Once the line containing "Vestido largo marrón" has been written out, stop; until then, restate each line of the entries below word for word from the first.

************

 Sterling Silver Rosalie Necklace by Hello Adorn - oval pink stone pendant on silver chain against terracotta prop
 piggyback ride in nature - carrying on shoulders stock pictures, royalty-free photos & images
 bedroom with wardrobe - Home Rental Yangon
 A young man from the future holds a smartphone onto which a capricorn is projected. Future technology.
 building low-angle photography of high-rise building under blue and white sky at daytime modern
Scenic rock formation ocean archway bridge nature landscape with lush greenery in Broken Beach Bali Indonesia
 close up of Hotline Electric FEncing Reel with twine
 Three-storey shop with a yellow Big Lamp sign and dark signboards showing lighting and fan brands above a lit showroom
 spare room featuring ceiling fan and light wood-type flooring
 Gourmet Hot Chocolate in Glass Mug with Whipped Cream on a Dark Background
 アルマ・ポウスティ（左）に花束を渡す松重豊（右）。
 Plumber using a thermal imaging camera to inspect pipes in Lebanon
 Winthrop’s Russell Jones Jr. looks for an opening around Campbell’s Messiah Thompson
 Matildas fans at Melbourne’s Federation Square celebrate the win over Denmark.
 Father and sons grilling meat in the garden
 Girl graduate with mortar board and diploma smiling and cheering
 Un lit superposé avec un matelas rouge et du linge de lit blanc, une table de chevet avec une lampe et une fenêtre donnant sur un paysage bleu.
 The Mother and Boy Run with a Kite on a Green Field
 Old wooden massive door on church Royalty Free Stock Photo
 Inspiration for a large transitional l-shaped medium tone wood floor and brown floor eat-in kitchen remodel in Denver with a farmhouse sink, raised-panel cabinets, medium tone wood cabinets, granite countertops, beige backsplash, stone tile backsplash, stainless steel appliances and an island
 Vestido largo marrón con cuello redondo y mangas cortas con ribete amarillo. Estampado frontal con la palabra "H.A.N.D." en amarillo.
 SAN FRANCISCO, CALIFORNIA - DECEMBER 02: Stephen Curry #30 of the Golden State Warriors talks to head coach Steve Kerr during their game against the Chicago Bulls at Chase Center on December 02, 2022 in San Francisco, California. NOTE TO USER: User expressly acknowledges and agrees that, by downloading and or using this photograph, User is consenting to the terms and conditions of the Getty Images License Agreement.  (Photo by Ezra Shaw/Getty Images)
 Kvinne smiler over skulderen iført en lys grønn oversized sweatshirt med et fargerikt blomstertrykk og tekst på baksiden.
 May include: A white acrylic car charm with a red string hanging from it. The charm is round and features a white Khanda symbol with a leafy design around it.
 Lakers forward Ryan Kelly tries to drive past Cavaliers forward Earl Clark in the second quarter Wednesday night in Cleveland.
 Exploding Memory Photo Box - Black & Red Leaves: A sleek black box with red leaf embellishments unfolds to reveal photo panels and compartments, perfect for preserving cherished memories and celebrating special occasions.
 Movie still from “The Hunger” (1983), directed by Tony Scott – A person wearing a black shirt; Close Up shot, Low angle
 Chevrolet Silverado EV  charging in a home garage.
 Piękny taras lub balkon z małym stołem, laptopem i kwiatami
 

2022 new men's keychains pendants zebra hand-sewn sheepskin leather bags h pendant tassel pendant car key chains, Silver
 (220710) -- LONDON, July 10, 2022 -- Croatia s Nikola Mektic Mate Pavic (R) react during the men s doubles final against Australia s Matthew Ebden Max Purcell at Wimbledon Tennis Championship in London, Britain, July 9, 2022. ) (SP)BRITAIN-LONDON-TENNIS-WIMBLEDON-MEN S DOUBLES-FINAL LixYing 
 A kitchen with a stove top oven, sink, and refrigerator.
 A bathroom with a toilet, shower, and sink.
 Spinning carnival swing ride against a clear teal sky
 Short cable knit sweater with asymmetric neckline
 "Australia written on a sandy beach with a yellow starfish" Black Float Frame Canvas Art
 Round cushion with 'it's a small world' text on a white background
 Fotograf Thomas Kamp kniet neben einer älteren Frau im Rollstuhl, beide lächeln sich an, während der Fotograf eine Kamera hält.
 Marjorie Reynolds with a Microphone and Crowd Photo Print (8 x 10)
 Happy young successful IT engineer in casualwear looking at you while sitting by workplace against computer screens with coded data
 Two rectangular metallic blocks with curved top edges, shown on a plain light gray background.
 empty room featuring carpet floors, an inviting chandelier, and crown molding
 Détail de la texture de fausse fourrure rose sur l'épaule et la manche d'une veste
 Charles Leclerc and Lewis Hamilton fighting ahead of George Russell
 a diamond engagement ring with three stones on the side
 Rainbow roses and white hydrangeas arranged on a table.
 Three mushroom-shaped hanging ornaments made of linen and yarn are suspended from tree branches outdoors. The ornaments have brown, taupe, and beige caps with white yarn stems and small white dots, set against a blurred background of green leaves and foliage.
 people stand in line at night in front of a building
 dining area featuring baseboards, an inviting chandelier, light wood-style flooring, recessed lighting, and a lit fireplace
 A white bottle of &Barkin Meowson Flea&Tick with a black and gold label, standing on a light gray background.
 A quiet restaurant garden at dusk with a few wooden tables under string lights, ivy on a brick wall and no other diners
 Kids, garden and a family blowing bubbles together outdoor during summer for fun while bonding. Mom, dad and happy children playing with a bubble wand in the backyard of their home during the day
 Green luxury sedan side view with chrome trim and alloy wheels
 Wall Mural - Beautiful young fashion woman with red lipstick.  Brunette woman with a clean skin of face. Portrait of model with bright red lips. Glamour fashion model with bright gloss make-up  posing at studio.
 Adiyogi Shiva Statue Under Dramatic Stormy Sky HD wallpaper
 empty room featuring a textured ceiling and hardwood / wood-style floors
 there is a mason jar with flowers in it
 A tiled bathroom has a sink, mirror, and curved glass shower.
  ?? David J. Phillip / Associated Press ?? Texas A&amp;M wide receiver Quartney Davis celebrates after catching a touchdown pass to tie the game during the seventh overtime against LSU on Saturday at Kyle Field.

************

> Task response:
 Sterling Silver Rosalie Necklace by Hello Adorn - oval pink stone pendant on silver chain against terracotta prop
 piggyback ride in nature - carrying on shoulders stock pictures, royalty-free photos & images
 bedroom with wardrobe - Home Rental Yangon
 A young man from the future holds a smartphone onto which a capricorn is projected. Future technology.
 building low-angle photography of high-rise building under blue and white sky at daytime modern
Scenic rock formation ocean archway bridge nature landscape with lush greenery in Broken Beach Bali Indonesia
 close up of Hotline Electric FEncing Reel with twine
 Three-storey shop with a yellow Big Lamp sign and dark signboards showing lighting and fan brands above a lit showroom
 spare room featuring ceiling fan and light wood-type flooring
 Gourmet Hot Chocolate in Glass Mug with Whipped Cream on a Dark Background
 アルマ・ポウスティ（左）に花束を渡す松重豊（右）。
 Plumber using a thermal imaging camera to inspect pipes in Lebanon
 Winthrop’s Russell Jones Jr. looks for an opening around Campbell’s Messiah Thompson
 Matildas fans at Melbourne’s Federation Square celebrate the win over Denmark.
 Father and sons grilling meat in the garden
 Girl graduate with mortar board and diploma smiling and cheering
 Un lit superposé avec un matelas rouge et du linge de lit blanc, une table de chevet avec une lampe et une fenêtre donnant sur un paysage bleu.
 The Mother and Boy Run with a Kite on a Green Field
 Old wooden massive door on church Royalty Free Stock Photo
 Inspiration for a large transitional l-shaped medium tone wood floor and brown floor eat-in kitchen remodel in Denver with a farmhouse sink, raised-panel cabinets, medium tone wood cabinets, granite countertops, beige backsplash, stone tile backsplash, stainless steel appliances and an island
 Vestido largo marrón con cuello redondo y mangas cortas con ribete amarillo. Estampado frontal con la palabra "H.A.N.D." en amarillo.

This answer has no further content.